The controversy rages on. Freewheel vs Cassette, which type do I have on my bike?
According to the good old’ ever-helpful Sheldon Brown, the terms “freewheel” and “cassette” are often used interchangeably, an error that causes a lot of wasted time and money.”
And he’s not far from right.
By now you know they’re NOT the same! Its a matter of old and new. And how things have panned out over the years.
In this post, we’re going to discuss the main difference between Freewheel and Cassette.
Table of Contents
- Freewheel vs Cassette Comparison
- What is Freewheel?
- Cassette Freehubs
Freewheel vs Cassette Comparison
- Consist of a mechanism that makes coasting possible.
- Commonly 5-, 6- or 7-speeds
- Freewheel is an older version which is screwed on traditional rear hubs
- Freewheels screw onto the hub without any tools for installation and removal.
- Extractor splines do not turn when sprockets are spun backward
- Installing a freewheel is quite easy, and requires no tools at all.
- Built-in ratchet mechanism
- Commonly 7-, 8-, 9- or 10-speeds
- Cassette Freehub is the new standard
- A special tool is needed to remove and retighten the lockring on the road.
- Lockring splines turn with sprockets when spun backward
- Many cassette Freehubs have a distinctive bulge on the right end of the hub barrel.
Steps to determine if a sprocket is a Freewheel or Cassette system
Remove the rear wheel from the bike. Find the tool fitting on the sprocket set.
Spin the sprockets backward.
If the fittings spin with the cogs,
it is a cassette system with a freehub.
If the tool fittings do not spin with the cogs,
it is a threaded freewheel system.
Bicycle Freewheel Thread-on
Generally, a standard freewheel/sprocket cluster could be screwed on traditional rear hubs which came with a standardized set of threads.
As per this structure, any brand of freewheel could be mounted on any brand of the hub.
Further, you could easily unscrew the cluster of sprockets if they were worn out or you simply wanted a different gear ratio and quickly install a new one as a replacement.
What is Freewheel?
A Freewheel is a mechanism or the part which makes coasting possible.
A ratchet mechanism that allows the rear sprocket(s) to drive the wheel when pedaled forward, but allows the wheel to turn forward independently even when the sprockets are not turning.
A standard freewheel attaches to a hub by screwing on to external threads that are part of the hub.
So through the action of pedaling, it tightens the freewheel down on the threads. Therefore, no special tools are required to install a freewheel.
However, if you want to remove a freewheel requires a special tool, commonly called a “freewheel puller” or “freewheel extractor”. An example is the park tool freewheel remover.
Freewheels are normally sold with the sprockets attached, so the term Freewheel is frequently used as a synonym for a cluster of sprockets.
Over the years, the Shimano “Freehub” gradually replaced the conventional threaded rear hub.
As a result of the interchangeability that formerly existed with the traditional rear hubs on which different brands of Freewheels could be screwed on.
However, modern freehubs work so well that they have come to represent the new “standard.”
In fact, most decent-quality bikes made since the late 1980s have used this greatly improved design.
A Freehub is a Shimano trademark for a rear hub in which the freewheel mechanism is built into the hub itself, rather than being part of the sprocket cluster.

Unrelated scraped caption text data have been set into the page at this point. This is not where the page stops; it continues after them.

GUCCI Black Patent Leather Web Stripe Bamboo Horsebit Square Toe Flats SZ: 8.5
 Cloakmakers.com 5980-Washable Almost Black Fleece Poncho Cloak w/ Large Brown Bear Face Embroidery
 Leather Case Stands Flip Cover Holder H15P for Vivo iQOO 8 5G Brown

Most freehubs use a cassette of sprockets.
The middle part of a wheel, to which the inside ends of the spokes attach. A hub consists of an axle, which attaches to the fork ends; a shell, to which the spokes attach, and bearings to connect the axle to the shell, permitting the shell to revolve around the axle.
In the case of a rear hub, the shell would also have a provision for attaching the rear sprocket(s).
Installing a freewheel is quite easy, and requires no tools at all.
Modern Hyperglide-type cassettes (everything made since the late 1980s) use a threaded lockring to hold the sprockets onto the splines of the Freehub body. There is a special splined tool that fits the notched hole in the lockring.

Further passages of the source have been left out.